Take the lines below from the one with "Black Picture Frame" through the one with "RealHomes Pop Art" and print only them, exactly. Don't print the pictures.

▸ **GIVEN DATA**:
------

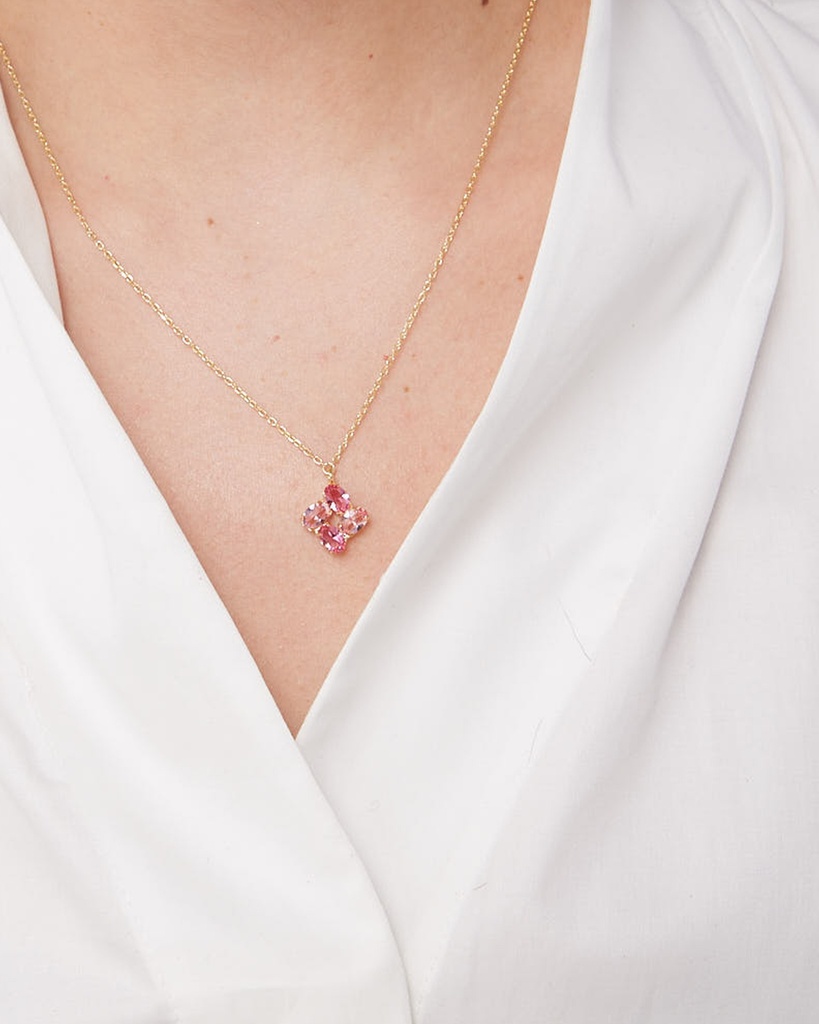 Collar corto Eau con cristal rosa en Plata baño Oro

------

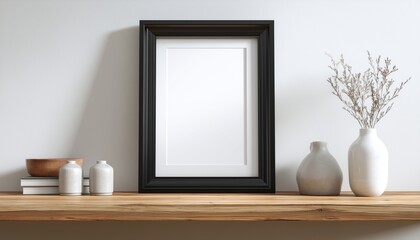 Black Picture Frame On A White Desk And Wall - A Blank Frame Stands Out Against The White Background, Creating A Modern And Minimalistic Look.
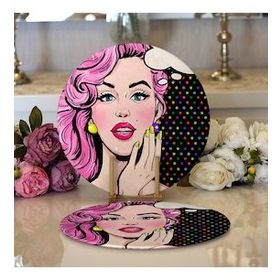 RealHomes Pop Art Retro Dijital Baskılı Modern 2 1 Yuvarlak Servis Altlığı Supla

------

▸ **EXERCISE SOLUTION**:
 Black Picture Frame On A White Desk And Wall - A Blank Frame Stands Out Against The White Background, Creating A Modern And Minimalistic Look.
 RealHomes Pop Art Retro Dijital Baskılı Modern 2 1 Yuvarlak Servis Altlığı Supla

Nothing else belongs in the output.